◆ EXTRACTED DATA ◆
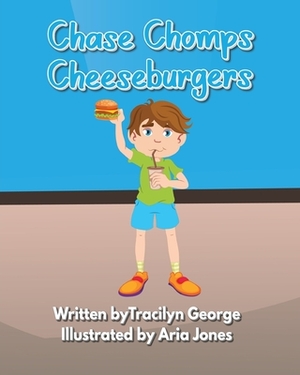 Chase Chomps Cheeseburgers by Tracilyn George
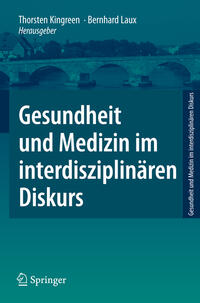 Gesundheit und Medizin im interdisziplinären Diskurs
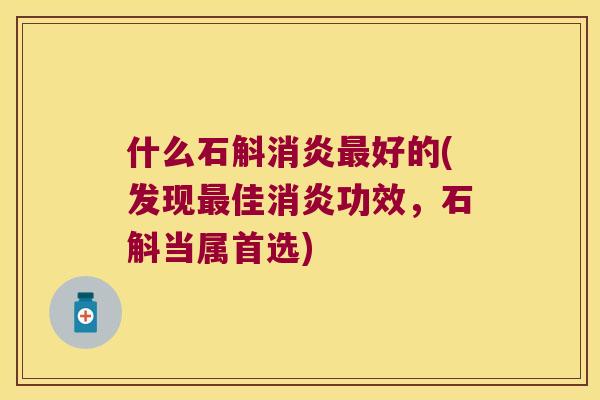 什么石斛消炎最好的(发现最佳消炎功效，石斛当属首选)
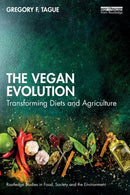 The Vegan Evolution : Transforming Diets and Agriculture-9781032267623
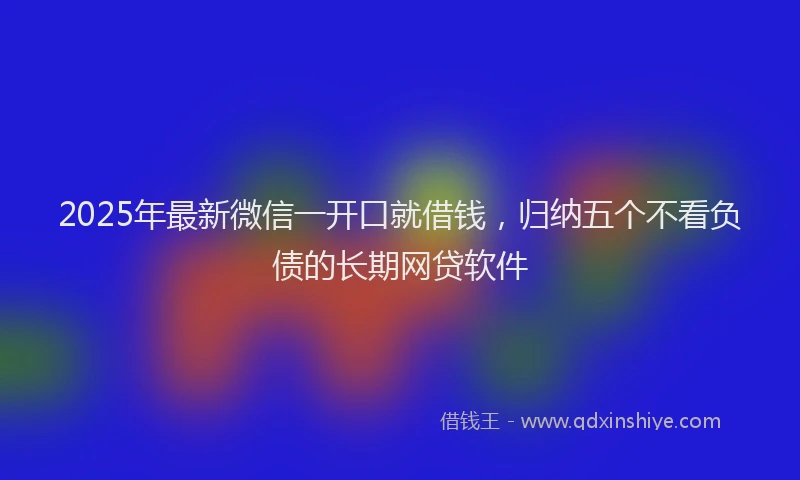 2025年最新微信一开口就借钱，归纳五个不看负债的长期网贷软件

◆ WHAT IS BEING ASKED ◆
Pictures stay out; everything else in the records gets copied exactly.

◆ EXPECTED ANSWER ◆
 Chase Chomps Cheeseburgers by Tracilyn George
 Gesundheit und Medizin im interdisziplinären Diskurs
 什么石斛消炎最好的(发现最佳消炎功效，石斛当属首选)
 The Vegan Evolution : Transforming Diets and Agriculture-9781032267623
 2025年最新微信一开口就借钱，归纳五个不看负债的长期网贷软件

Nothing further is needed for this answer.